PatchSiren

PatchSiren cyber security CVE debrief

CVE-2026-32679 Japan Media Systems Corporation CVE debrief

CVE-2026-32679 is a high-severity vulnerability (CVSS 8.4) affecting LiveOn Meet Client and Canon Network Camera Plugin installers for Windows. The affected executables—Downloader5Installer.exe, Downloader5InstallerForAdmin.exe, CanonNWCamPlugin.exe, and CanonNWCamPluginForAdmin.exe—exhibit insecure DLL loading behavior. When these installers execute, they search for and load Dynamic Link Libraries from the current working directory without proper validation. An attacker who can place a malicious DLL in the same directory as the installer may achieve arbitrary code execution with the privileges of the user running the installer. This vulnerability was published on April 23, 2026, and last modified on May 18, 2026. The issue is classified under CWE-427 (Uncontrolled Search Path Element). No known exploitation in ransomware campaigns has been reported, and the vulnerability is not listed in CISA's Known Exploited Vulnerabilities catalog.

Vendor
Japan Media Systems Corporation
Product
Downloader5Installer.exe
CVSS
HIGH 8.4
CISA KEV
Not listed in stored evidence
Original CVE published
2026-04-23
Original CVE updated
2026-05-18
Advisory published
2026-04-23
Advisory updated
2026-05-18

Who should care

Windows system administrators managing LiveOn Meet Client or Canon Network Camera Plugin deployments, security teams responsible for endpoint protection, and organizations with users who may download and execute software installers from untrusted locations.

Technical summary

The affected Windows installers use unsafe DLL search path resolution, loading libraries from the application directory without verifying authenticity. When a user executes the installer from a directory where an attacker has placed a malicious DLL (e.g., a shared download folder or removable media), the installer loads and executes the attacker's code. The vulnerability requires local access or social engineering to place the malicious DLL, but requires no privileges to trigger.

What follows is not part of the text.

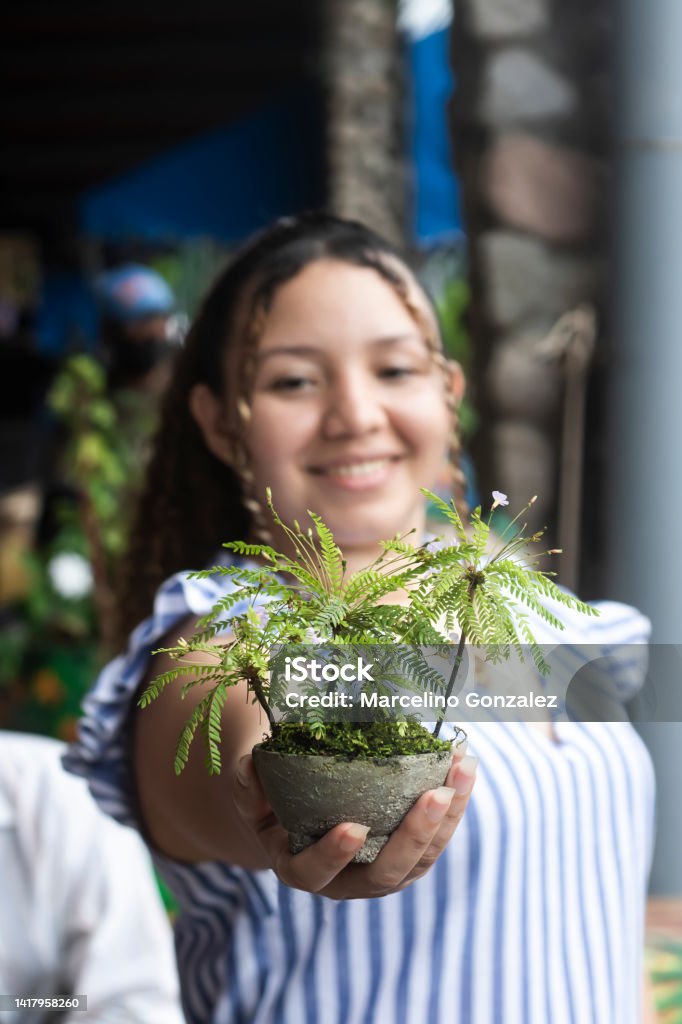 Latin young woman showing potted plant love for plants Adult Stock Photo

Impact is high across confidentiality, integrity, and availability dimensions per CVSS 4.0 scoring.

Defensive priority

HIGH

Recommended defensive actions

  • Verify whether Downloader5Installer.exe, Downloader5InstallerForAdmin.exe, CanonNWCamPlugin.exe, or CanonNWCamPluginForAdmin.exe version 1.0.0.0 are present in your environment
  • Obtain updated installer versions from LiveOn that address the insecure DLL loading behavior
  • If updated installers are unavailable, ensure installers are only executed from protected directories with restricted write permissions
  • Implement application control policies to block execution of installers from user-writable directories
  • Monitor for suspicious DLL files placed in directories containing LiveOn installer executables
  • Review endpoint detection and response (EDR) alerts for anomalous DLL loading events involving these installer processes

Evidence notes

The vulnerability description and affected product versions are sourced from NVD CPE data and JPCERT/CC advisory. CVSS 4.0 vector confirms local attack vector with high impact to confidentiality, integrity, and availability. The CWE-427 classification indicates uncontrolled search path element vulnerability.

Official resources

The vulnerability was disclosed through coordinated disclosure via JPCERT/CC and published in the NVD on April 23, 2026. LiveOn published a vendor advisory in April 2026 addressing the issue.